En los días más difíciles, con dolor ingente y movilidad reducida, Susana expresaba: “Vivo como en un sueño, su padre y ustedes siempre a mi lado”. Julio imaginaba diariamente maneras de arrancarle una sonrisa, demostrarle su amor y darle ánimo.
Los pequeños gestos que definieron un gran amor
Hasta el final, durmieron juntos, con Julio acariciando las manos de Susana mientras ella descansaba en un sillón reclinable. Él cambió sus hábitos:
- Desayunaba y comía en casa.
- Pasaba a saludar inesperadamente.
- Le llevaba pequeños regalos.
Iniciaba y despedía cada día junto a ella, ensanchando su alma con nobleza y haciendo crecer el amor en medio del estremecimiento de los tiempos.
Las flores como símbolo de memoria y belleza
Sensible a la emoción de la belleza, Julio sembró flores en el camino de los adioses terribles. Susana se alejó entre gerberas amarillas, flores que la cautivaban y nunca le faltaron. Tras su partida, Julio colocaba flores cada 11 de mes en un jarrón verde sobre una cómoda, aprendiendo a cuidarlas para que no se marchitaran.
Afirmaba que las flores son un obsequio de la vida, embellecen la casa y en su belleza descubren el esplendor del espíritu de su madre. En 1989, adornó la cripta donde descansa Susana con un gran florero de flores de seda en colores del arcoíris y una placa con su firma.

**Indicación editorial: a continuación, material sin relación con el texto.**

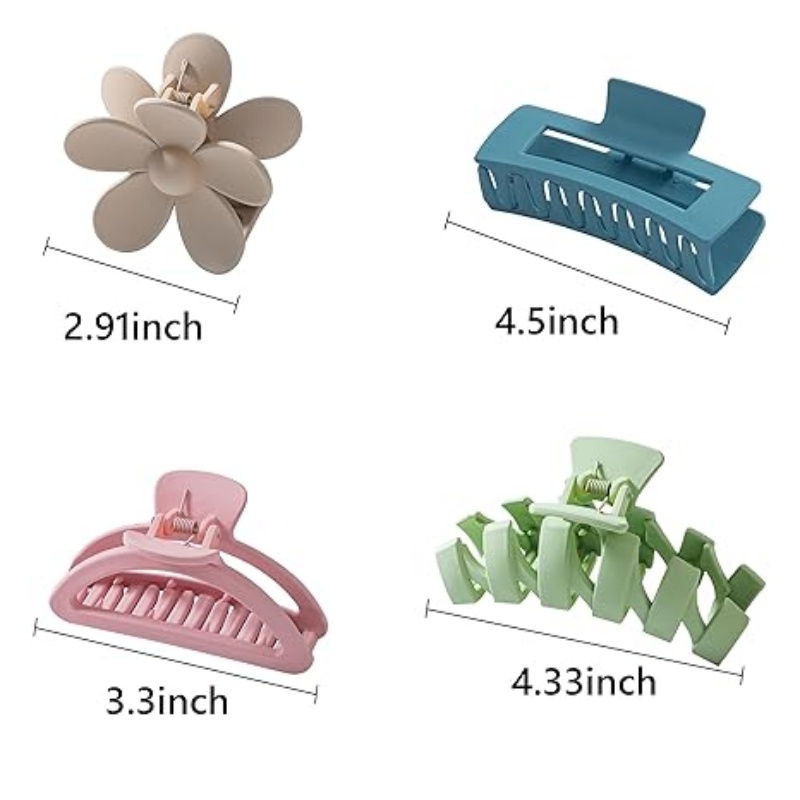 SWEETCLAWZ 8PCS Hair Clips for Women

Un legado de amor que perdura
Cada 11 de junio, Julio asistía a la iglesia de Santa Mónica para recordar a su esposa, instalándose en la parte posterior de la capilla sin llegar tarde, tomar asiento o comulgar. En 2014, ya no pudo asistir, pero pidió vestir la cripta con rosas blancas y amarillas, flores que desde 2015 acompañan a Gabriela los días 7 y 11 de cada mes.
Este relato conmovedor revela que, como bien sabían todos sus familiares, quien conoció a Susana Ibarra la amó para siempre, y su presencia fue el pilar indiscutible en la vida y obra de Julio Scherer García.